There is apparently no end in sight to the deterioration of the J.Crew brand.
Same-store sales plummeted 12% at J.Crew’s namesake brand in the third quarter and the parent company said on Tuesday it expected to close 50 stores this year, up from a forecast of 30 just three months ago. But such is the tailspin its sales are in.
Business at sister chain Madewell, was brisk, with comparable sales up 13%, but the brand is too small in relation to J.Crew to mitigate the flagship brand’s deepening woes. J. Crew Group as a whole said comparable sales fell 9%, a result likely to extend the turmoil the brand has found itself in for the last two years.
The results are all the more distressing given that some of its apparel-chain rivals are showing improvements in their business. Inc’s namesake brand last week reported its first quarter of comparable sales gains, breaking a 14-quarter streak without growth.

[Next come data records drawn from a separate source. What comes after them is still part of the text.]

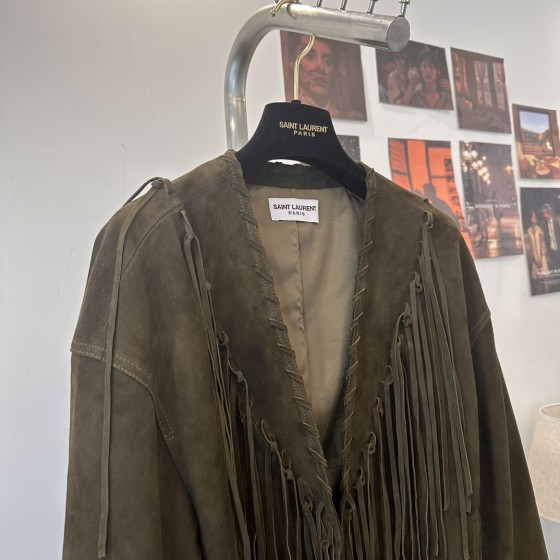 Saint Laurent imported suede leather stitching with tassels for decorative tassels made of full leather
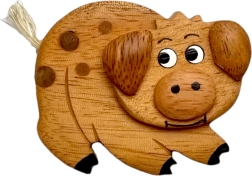 magnete in legno maialino – decorazione fatta a mano per frigorifero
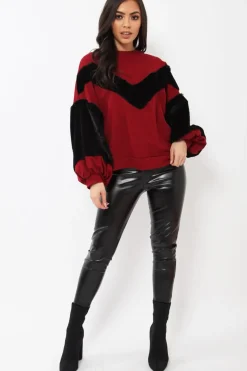 Rebellious Fashion Wine Chevron Fur Jumper - Lara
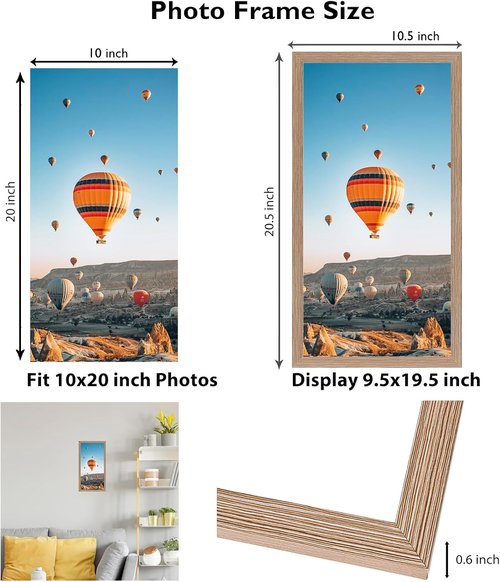 JCJMY 10x20 Rustic Brown Picture Frame - Versatile Wall Hanging for Horizontal or Vertical Display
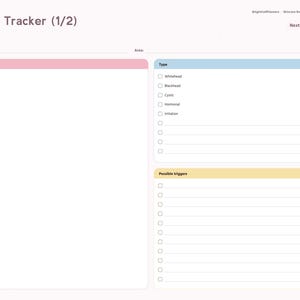 May include: A digital Breakout Tracker page from a skincare routine journal. The layout includes a face map section, a type checklist with options like whitehead and cystic, and a section for possible triggers. The design features soft pastel colors.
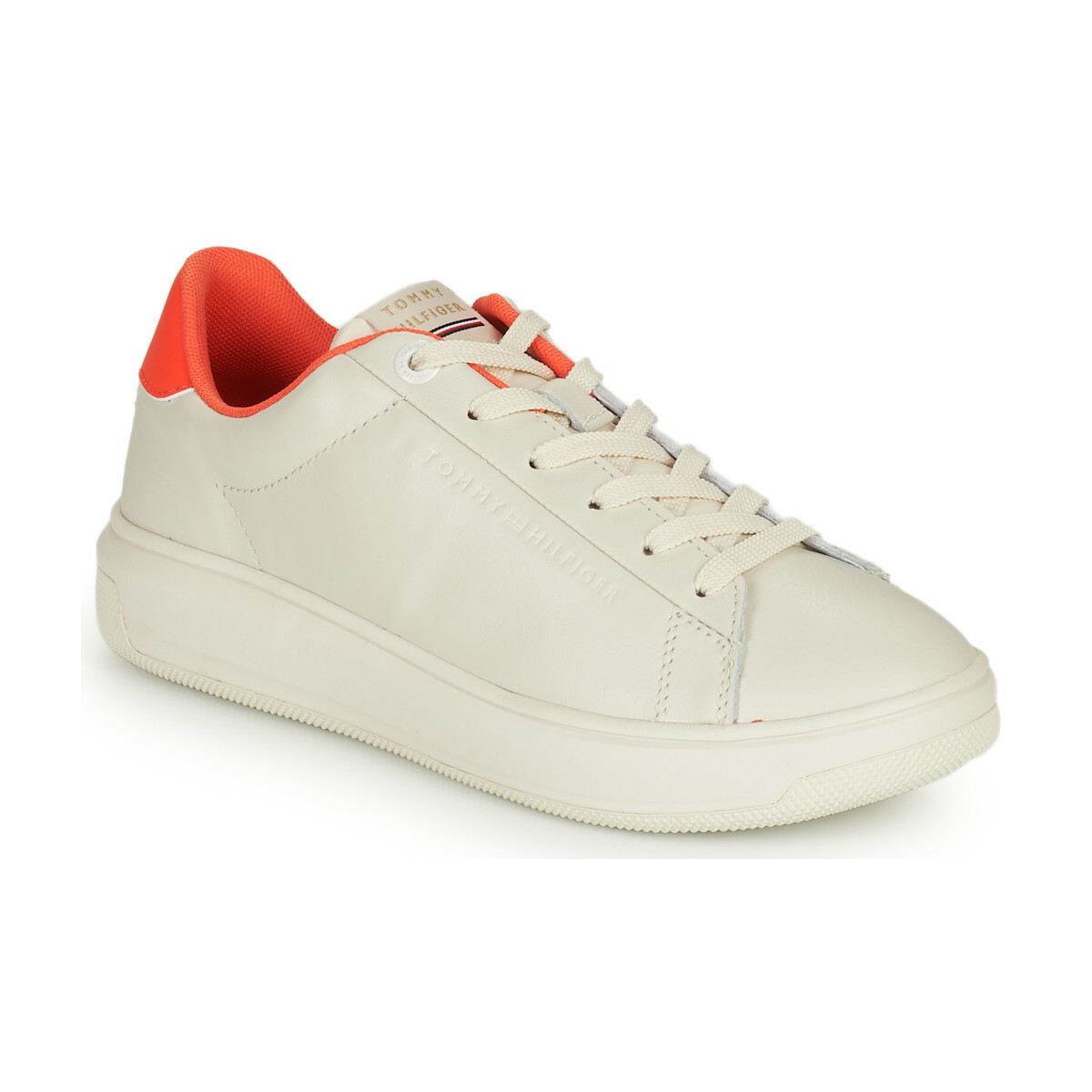 Tommy Hilfiger  LOWCUT LEATHER CUPSOLE  Bílá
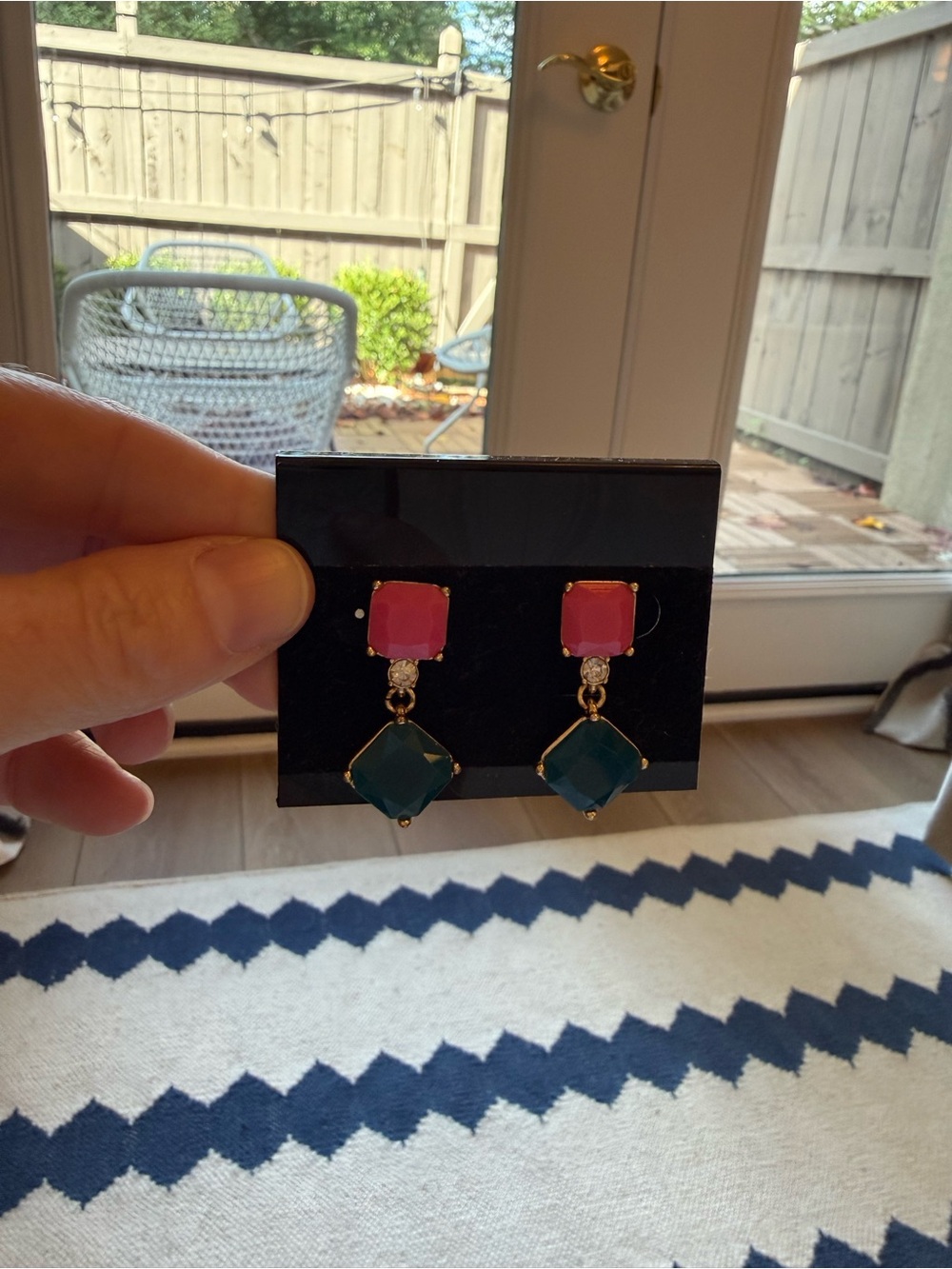 J. Crew Gold-Tone Pink and Teal Drop Earrings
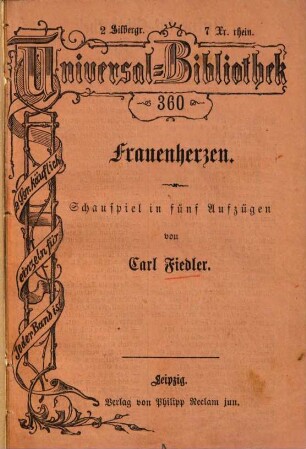 Frauenherzen : Schauspiel in fünf Aufzügen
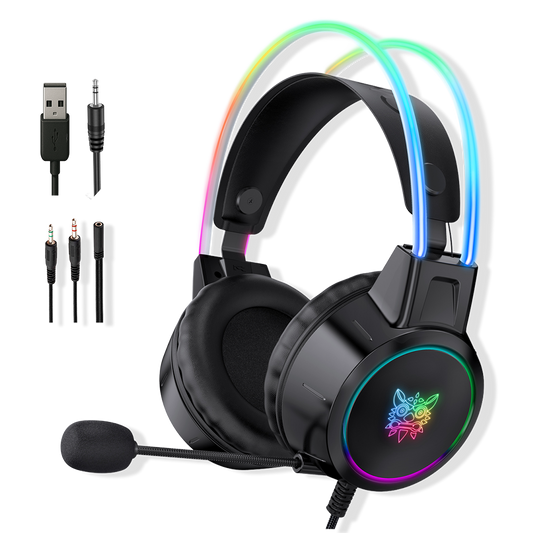 Diadema Gamer ONIKUMA X15 PRO RGB Negra - Diafragma Grafeno 50mm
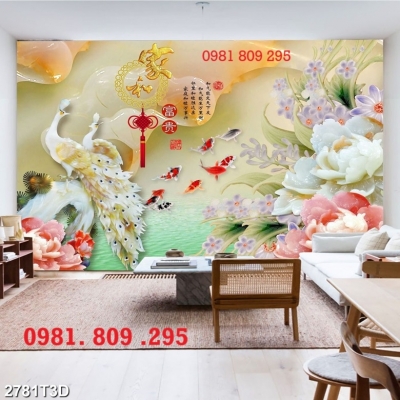 Mẫu gạch ốp tường 3d hoa mẫu đơn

Abercrombie & Fitch last week said comparable sales, including those for Hollister, rose 4% last quarter.
But at J.Crew brand, shoppers remain AWOL. The chain has been trying to carve out a new space for itself in shoppers’ intentions, hurt by years of fashion misfires, uneven quality, and what many consumers perceived as overly high prices. The steep sales decline is a major setback for Chief Executive Officer James Brett, the former Williams-Sonoma executive who earlier this year replaced iconic leader Mickey Drexler. This year alone saw the departures of lead designer Somsack Sikhounmuong, and creative director Jenna Lyons, the latter staying on as an advisor through the end of 2017.
What’s more, J.Crew has had to contend with pressure from fast fashion chains like H&M and Zara, and overall consumer boredom with all the choices of fashion options. J.Crew hurt itself by confusing shoppers by oscillating between affordable yet preppy clothes and higher end items. J.Crew's private equity owners, TPG Capital and Leonard Green & Partners, took a $1 billion write-down in two years ago because of the faltering of the brand.